Jesse Hernandez didn't get the no-hitter that he came so close to on Friday night. But he couldn't find reason to complain after the best outing of his career.
The Blue Jays prospect came within one strike of a no-hitter, yielding an unearned run while recording a career-high 12 strikeouts over 8 2/3 innings as Class A Advanced Dunedin defeated the St. Lucie Mets, 4-1.
"I'm pretty happy with it," Hernandez said. "I was making pitches when I needed to, throwing cutters to both sides of the plate. I just happened to make my pitches until that last one."
Hernandez allowed only two baserunners heading into the ninth -- he hit Richard Lucas leading off the sixth and followed by walking Travis Taijeron. He struck out Taijeron leading off the ninth and retired T. J. Rivera on a fly ball to right field, then ran the count to 2-2 against Alonzo Harris, who lined a single to left.
"I was just trying to stay on the same page with my catcher, Jack Murphy," Hernandez said. "We were on the same page all night. It's so easy to let your mind go somewhere else and think ahead of time when you've got to think about what's going on right there. I did it, but they happened to get to that last pitch.
"Everything kind of went fast. I got him to a 2-2 count, and he fouled a couple pitches off. He actually called time on a pitch and tried to mix up my timing a bit. It was a 2-2 cutter -- I tried to throw it as hard as I could, but he got to it and singled to left."
After the hit, the 23-year-old right-hander was replaced by Evan Englebrook. Harris stole second and scored on the reliever's throwing error before Englebrook struck out Cory Vaughn.
Despite the hit and the run, Hernandez said he wasn't too disappointed.
"A little bit," he said. "Overall, I'm happy with the game. I threw very well and picked up a win for the team. I gave us what we needed."
Coincidentally, there happened to be someone special at Florida Auto Exchange Stadium for the best start of Hernandez's career. St. Lucie pitching coach Phil Regan served as Hernandez's pitching instructor for five years before Hernandez went off to Central Michigan University.
Hernandez (1-1) credited Regan with teaching him how to be a real pitcher, rather than just "a kid with a good arm."
"It was great," the Grand Rapids native said. "I got to chat with him a little bit yesterday. I was happy to see him -- it's been a couple years since I've seen him after going to college and this being my third year of pro ball.
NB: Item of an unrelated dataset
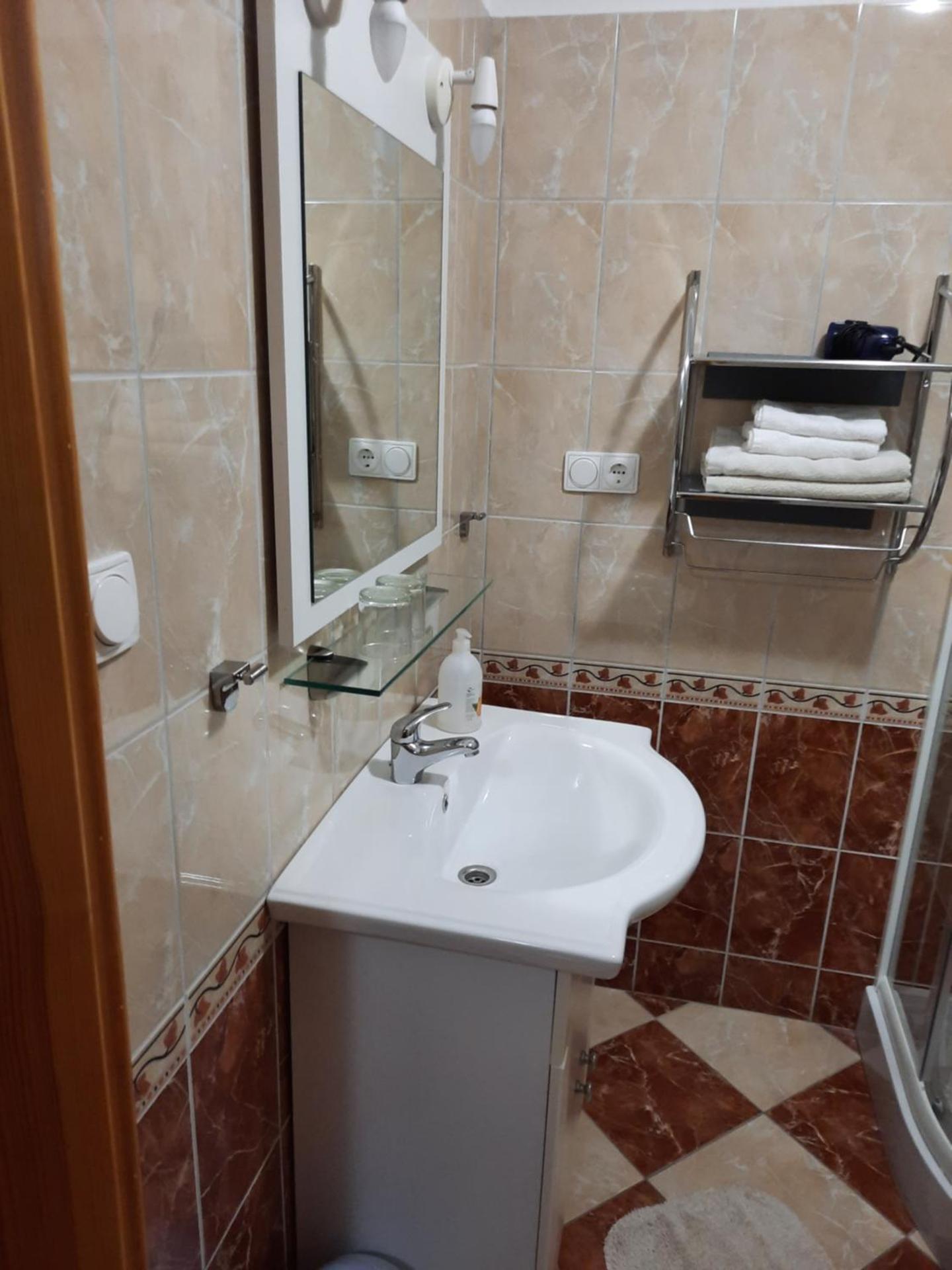 Ambrózia Guesthouse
It was definitely a special night. ... He essentially taught me how to pitch."
Hernandez, who signed with the Blue Jays as a non-drafted free agent in 2010, put together a 2.29 ERA over 78 2/3 innings for Class A Lansing this year. He came into Friday's contest with an 8.55 ERA in seven appearances for Dunedin but lowered that mark to 5.97.
"The cutter and the slider combination was working because they would see the cutter and I'd come back with a slider, which kind of has that same movement with more depth," Hernandez said. "It got them out in front a little bit more. I had them sitting cutter and then threw a slider for a ball that they were swinging at for strikes."
So what does Hernandez do for an encore?
"Enjoy it for the night," he said. "Then tomorrow it's a whole new game, a brand new day. I've got to get after it like I would if I got shelled for seven [runs]. I can't expect it to happen every time. If I'm lucky, maybe I'll get that last out."